Conservative groups say Trump’s moves will boost the economy, create jobs and accelerate economic growth.
Nichols and Schoaff are scheduled to appear together at the UO law conference at a panel titled “Still Saving the Climate: Confronting Public Lands & Coal Mining Under a Trump Administration.”
Other conference panels are addressing “Fighting for Safe and Sustainable Food and Farming under Trump,” “Border Insecurity: How Walls and Militarization Harm People and Wildlife in the Borderlands” and “Criminal Defense and Environmental Activism.”
A pamphlet for the latter warns, “With Trump administration … many are expecting particularly harsh repression of these activists.”
Conference participants will discuss legal strategies, learn from Third World tactics — and find strength with like-minded activists.
The conference theme is “One Cause, One Voice.”
“The environmental movement sometimes is plagued by infighting by people who disagree where the lines of compromise should be drawn. That’s not the sign of an unhealthy movement. It’s a robust discourse,” Nichols said.
“But we’re at moment where, really, should we be spending the energy having those fights?
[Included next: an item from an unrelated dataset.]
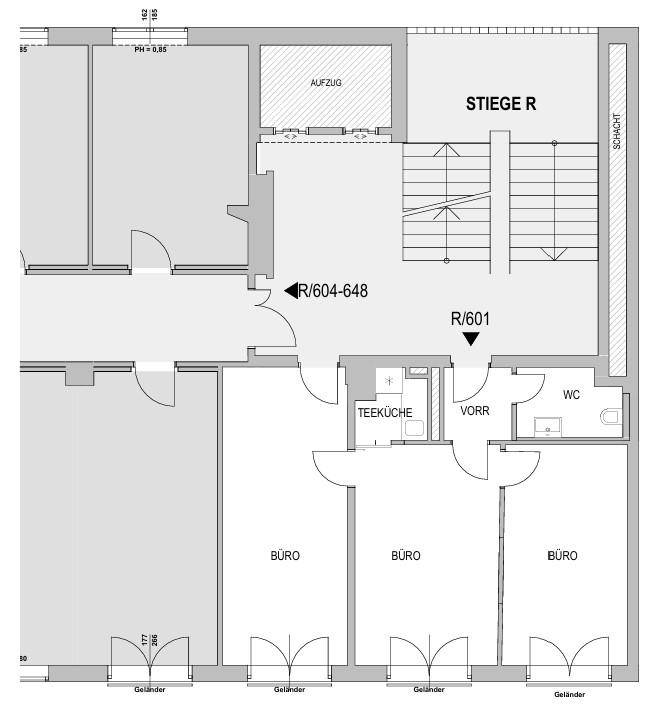 1010 Wien, Opernring 1 Plan 6.OG Top R 601-603 ca.60m2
Or should we say we all bring strength and power to this broad moment and work to advance the higher good?” he added.
The “Many Faces of Forest Law” workshop material urges, “As we move through the uncharted territory of a Trump administration, it is increasingly important for the environmental community to come together and cultivate new relationships.”
The ELAW global environmental nonprofit organization has gathered 100 lawyers from 50 countries from around the globe in Eugene — and they’ll attend and present at the law conference. ELAW is based in Eugene.
A panel on “Challenging Coal Around the World,” will include ELAW speakers from India, Kenya, Australia and Pakistan.
“Coal mining is fundamentally about climate change, and climate change is a global issue. It’s good to have that context,” Nichols said.
Lawyer panelists urge their colleagues at the conference to redouble their watchdog efforts.
“There is a big risk that this administration will start entering into sweetheart settlements with industry groups, particularly fossil fuel groups,” Schoaff said.
Environmental groups can seek to intervene in court cases in order to have a say in the outcomes.
“Now is not the time to settle for one or two key legal arguments,” Nichols said. “We need to put it all on the table and be as creative and unrelenting as possible in trying to create uncertainty, generate crisis, and make the coal industry and this administration feel some pain for every rollback and every giveaway that they may even contemplate.
“It’s not so much about identifying the, quote, winning legal argument. It’s really about getting behind every argument and coming in with energy and commitment and passion to follow it through, and, in many cases, take a risk. We have so much to lose right now.”